» PROBLEM TO SOLVE
The lines below starting at the line containing "Photo 14 of" and ending at the line containing "Shared Shower Room ground floo" are to be repeated exactly, with both ends kept and nothing else added.

» ENTRIES SUPPLIED
--*--

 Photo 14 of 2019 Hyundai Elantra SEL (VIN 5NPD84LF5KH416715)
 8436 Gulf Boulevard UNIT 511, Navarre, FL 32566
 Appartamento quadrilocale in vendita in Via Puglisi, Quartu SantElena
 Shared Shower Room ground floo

--*--

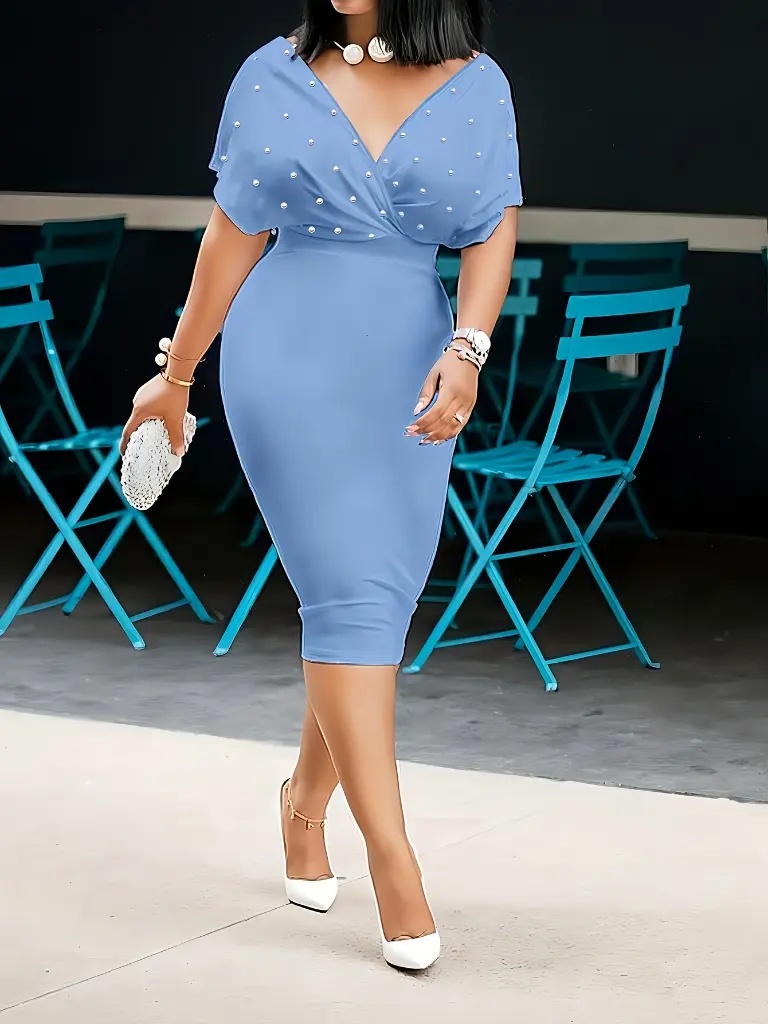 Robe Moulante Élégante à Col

--*--

» TASK RESPONSE
 Photo 14 of 2019 Hyundai Elantra SEL (VIN 5NPD84LF5KH416715)
 8436 Gulf Boulevard UNIT 511, Navarre, FL 32566
 Appartamento quadrilocale in vendita in Via Puglisi, Quartu SantElena
 Shared Shower Room ground floo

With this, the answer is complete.